En mai 1965, lors de l’enquête du coroner, Bernier avouera presque du bout des lèvres que le mobile de l’enlèvement était l’agression sexuelle, un élément qu’il refusera toujours d’aborder par la suite. De son côté, le rapport de l’inspecteur Richard Masson démontre qu’il y avait eu d’autres tentatives d’enlèvements très similaires auprès de jeunes filles dans les jours et les semaines qui ont précédés la disparition de Denise.
Le procès de Bernier s’est ouvert au palais de justice de Shawinigan le 14 février 1966. Il était défendu gratuitement par Me Guy Germain alors que la Couronne était représentée par Me Jean Bienvenue, le même procureur qui avait fait condamner le tueur en série Léopold Dion, trois ans plus tôt. Après une vingtaine de minutes de délibérations, les jurés sont revenus avec un verdict de culpabilité. Bernier a aussitôt été condamné à la peine capitale mais plus tard sa sentence a été commuée en emprisonnement à vie.
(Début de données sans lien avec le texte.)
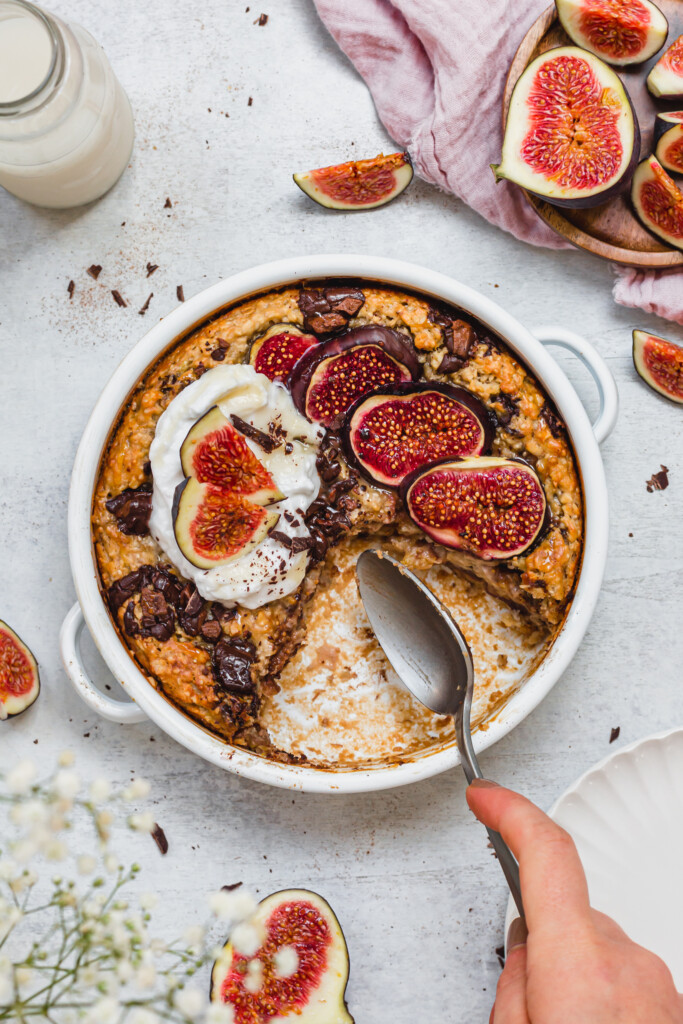 Chocolate and Fig Baked Oats with a piece missing and a spoon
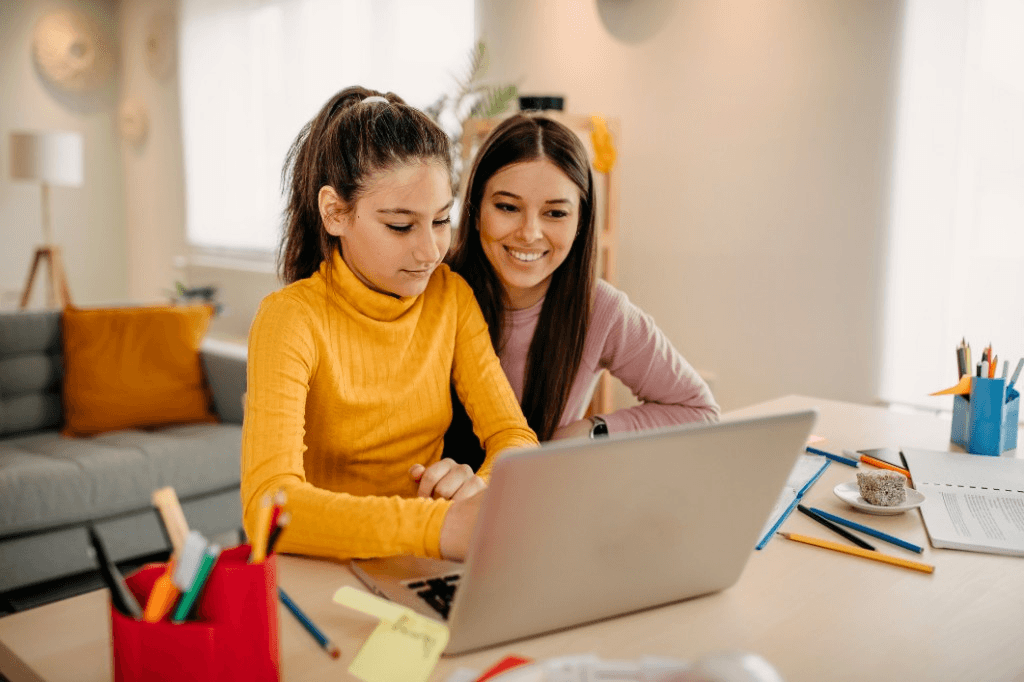Two people collaborating at a desk with a laptop—learning and connection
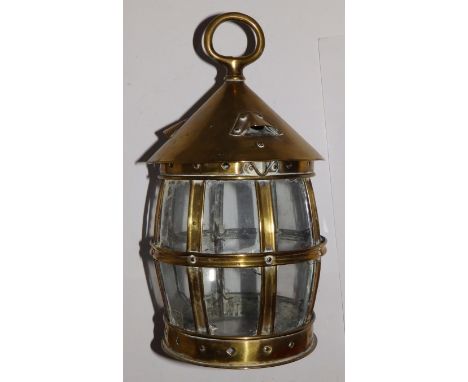 A circular brass barrel-shaped lantern with glazed base, 11” high.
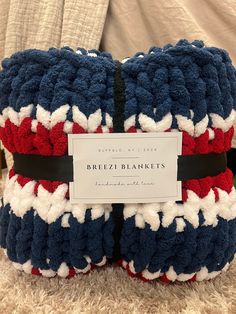 the blanket has been made to look like it is knitted with red, white and blue yarn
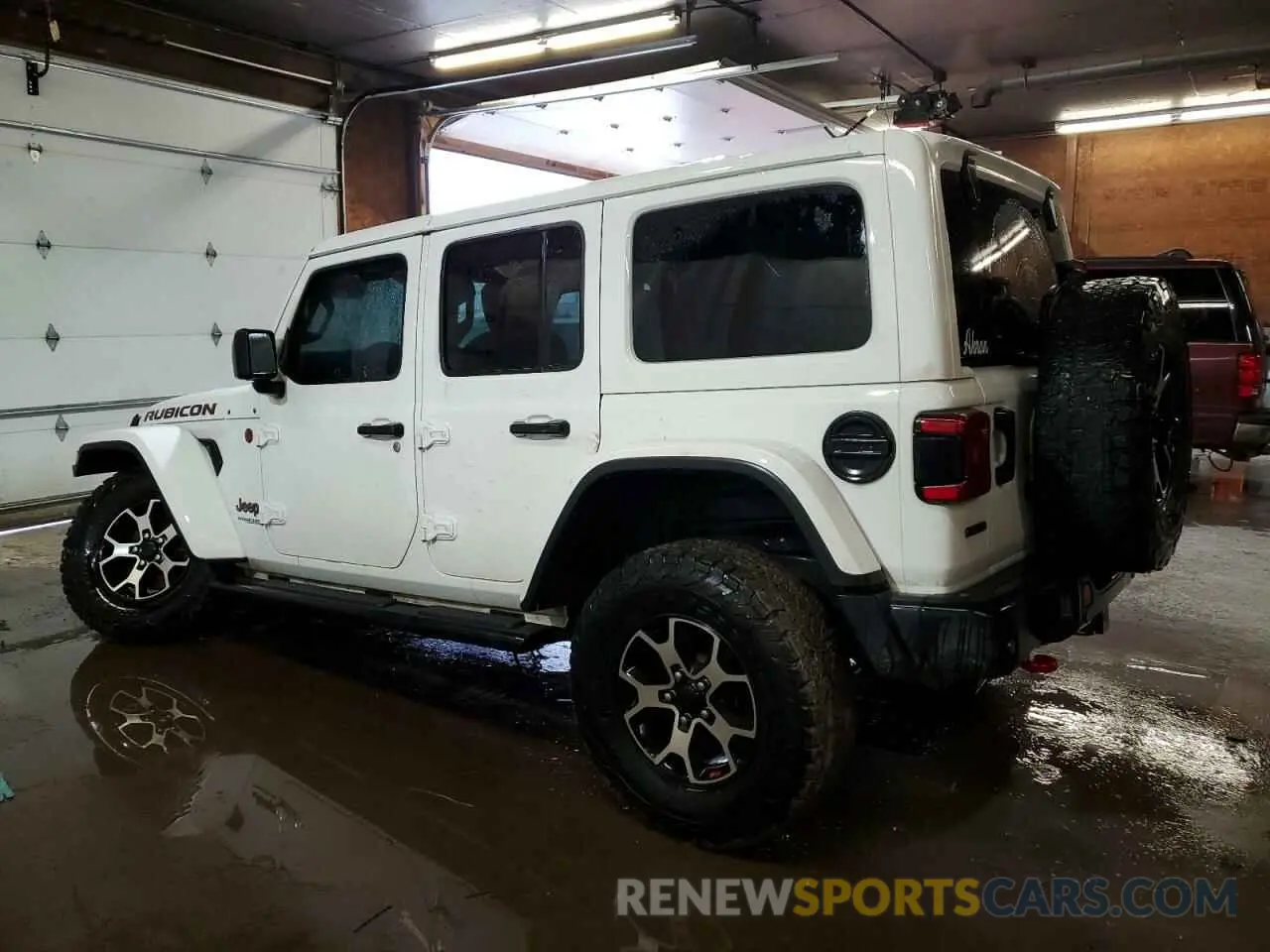 2 Photograph of a damaged car 1C4JJXFM2MW633915 JEEP WRANGLER 2021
Pour la famille Therrien, l’histoire ne devait cependant pas se terminer là. Alors que le procès s’était déroulé sans histoire, Bernier lui-même a décidé de soulever la controverse en confiant ses mémoires à un député en 1977 et dans lesquelles il clamait son innocence. Mort la même année en prison d’une attaque cardiaque, les mémoires de Bernier ont été publiées chez Stanké peu après sous le titre Le Fossoyeur, les mémoires de Marcel Bernier. Principalement, l’assassin affirmait que Denise Therrien était morte accidentellement en chutant dans l’escalier de ses ravisseurs, car il faut comprendre que le scénario rocambolesque prévoyait que la jeune fille avait été enlevée dans un but ambigüe qui laissait entendre que le milieu de la prostitution n’y était pas étranger.
En 2007, le cinéaste Marc Bisaillon présentait son film La lâcheté, dont le scénario se basait entièrement sur les affirmations douteuses contenues dans le livre de Bernier. Deux ans plus tard, Isabelle Therrien, nièce de la victime, publiait son livre L’Inoubliable affaire Denise Therrien dans lequel elle démolissait les principaux arguments de Bernier après avoir consulté le dossier judiciaire. En juin 2014, la controverse est réapparue avec le livre La clef de l’énigme absolue, dont l’auteur, Jean-Guy Lefebvre, était un ancien patrouilleur de la Sûreté du Québec sans aucune expérience dans le domaine des enquêtes criminelles. Celui-ci, qui se dit défenseur de Bernier, multipliait les erreurs et les incompréhensions du système judiciaire.[1]


[1] Eric Veillette, Denise Therrien, une affaire classée, Éditions de l’Apothéose, 2015.